Hajime Tanabe Kimdir?
Hajime Tanabe Kimdir?
3 Şubat 1885 - 29 Nisan 1962 yılları arasında yaşamış olan Japon düşünür ve bilim adamıdır.
Kyoto Okulu olarak bilinen felsefe okulunun filozoflarından birisi olan Tanabe, Tokyo Üniversitesi'nde okumuş ve buradan mezun olduktan sonra Kyoto Üniversitesi'nde öğretim görevlisi olarak çalışmıştır. 1920'lerde Almanya'da kalarak Edmund Husserl ve Martin Heidegger ile birlikte çalışmıştır. Japonya'ya döndükten sonra profesör olmuştur.

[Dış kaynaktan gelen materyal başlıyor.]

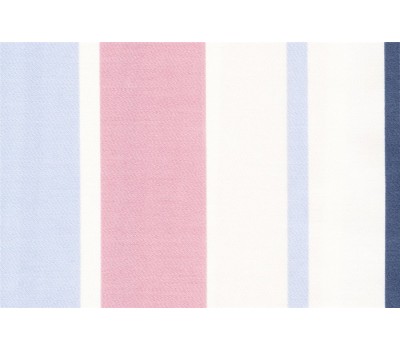 Ткань Provance Line 591 02 на отрез Ткань Provance Line 591 02 на отрез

Tanabe eğer felsefe yapmak istiyorsak itirafta bulunmadan bunu yapabilmemizin imkansız olduğuna inanır. Peki ama neyi itiraf etmemiz gerekiyor ve bunu nasıl yapacağız? Bu sorulara cevap vermek için Tanabe'nin felsefesini hem Avrupa'daki hem de Japonya'daki felsefe akımlarının köklerinde aramalıyız. Avrupa'daki kökleri olarak Tanabe, M.Ö. 5. yüzyılda yaşamış Yunan filozof Sokrates'e kadar gider. Sokrates, Tanabe için önemlidir, çünkü samimi biçimde hiçbir şey bilmediğini itiraf etmiştir. Hikâyeye göre Delphi kâhini, Sokrates' in Atina'daki en bilge insan olduğunu söylemiş ve kendi bilgisizliğinden emin olan Sokrates de kâhinin yanlışını kanıtlamaya kalkışmıştır. Atina'daki sayısız kişiyle konuştuktan sonra gerçekten de Atina'daki en bilge insan olduğuna ikna olmuştur, çünkü hiçbir şey bilmediğini kabul eden tek kişi kendisidir.

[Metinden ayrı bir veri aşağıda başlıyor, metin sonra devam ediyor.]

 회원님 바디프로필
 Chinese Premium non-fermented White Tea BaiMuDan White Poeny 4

Tanabe'nin Japon kökleri ise Budizmin Saf Diyar okulunun mensubu Budist rahip Shinran'ın felsefesine kadar gider. Shinran'ın yeniliği, kendi gücümüzle Aydınlanma'ya ulaşmamızın imkansız olduğuyla ilgili görüşüdür. Shinran bunun yerine kendi bilgisizliğimizi ve sınırlarımızı itiraf etmemiz gerektiğini ve Tanabe ile Shinran'ın tariki ya da "öteki güç" dediklerine ancak o zaman ulaşabileceğimizi iddia eder. Saf Diyar Budizmi bağlamında öteki güç Buddha Amitabha'nınkidir. Tanabe'nin felsefesi bağlamında ise itiraf "mutlak hiçliğin" tanınmasına ve nihai olarak özfarkındalığa ve bilgeliğe yol açar.

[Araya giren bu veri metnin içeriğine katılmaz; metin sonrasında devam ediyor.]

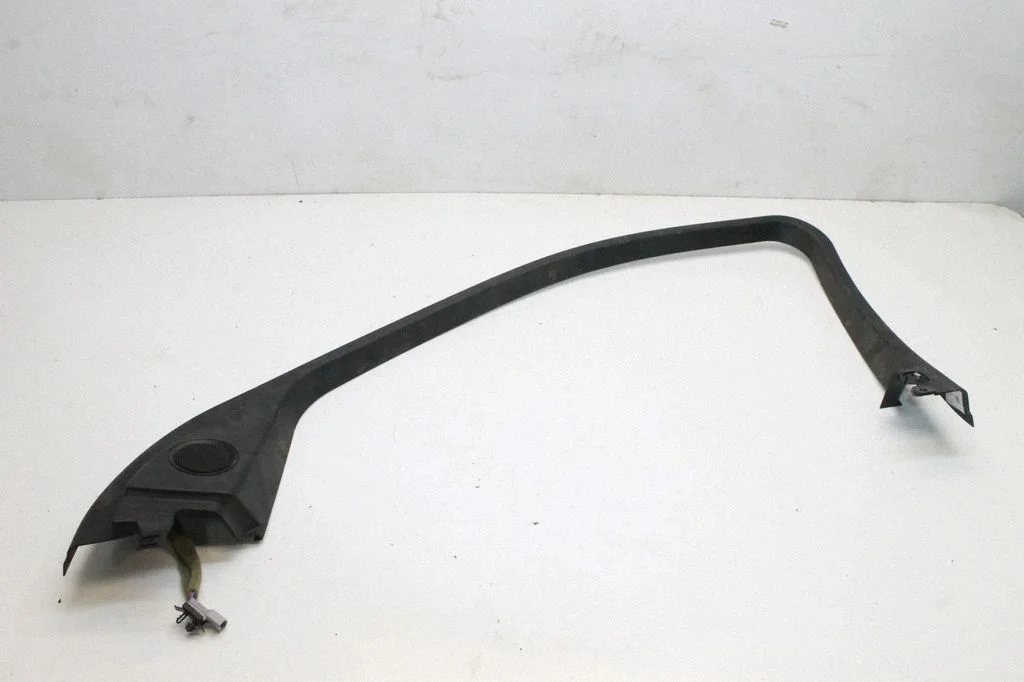 Other interior part FK7220904A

O zaman Tanabe için felsefe mantığın ince noktalarını tartışmak veya herhangi bir şeyi tartışmak ya da savunmak değil, hatta aslında "entelektüel" bir disiplin bile değildir. Tanabe için çok daha temeldir; olabilecek en derin şekliyle kendi öz varlığımızla ilişki kurma sürecidir. Bu kısmen onun Martin Heidegger okumalarının sonucunda şekillenen bir fikirdir.
Tanabe kendi gerçek varlığımızı ancak itiraf yoluyla yeniden keşfedebileceğimize inanır. Bu keşif onun doğrudan dini terimlerle ölüm ve yeniden canlanma olarak tanımladığı bir süreçtir. Bu ölüm ve yeniden canlanma zihnin "öteki güç" aracılığıyla yeniden doğumu ve "benliğin" sınırlı görüşünden aydınlanma perspektifine geçişidir. Ancak bu geçiş sadece felsefeye hazırlık değildir, tam tersine kökleri kuşkuculuğa ve "Kendimizi öteki gücün inayetine teslim etmeye" kadar giden felsefenin ta kendisidir.
Başka bir deyişle felsefe bizim içine dahil olduğumuz bir faaliyet değil, benliğimizin gitmesine izin vererek -Tanabe'nin "edimde bulunan bir özne olmaksızın eylem" adını verdiği bir fenomen olan- kendi asıl benliklerimize erişmemizle meydana gelen bir şeydir.
Tanabe kesintisiz itirafın, bizim kendi sınırlarımızı tanımamızın getireceği "nihai sonuç" olduğunu yazar. Başka bir deyişle Tanabe bizden eski felsefi problemlere yeni cevaplar bulmamızı değil, felsefenin doğasını yeniden değerlendirmemizi istemektedir.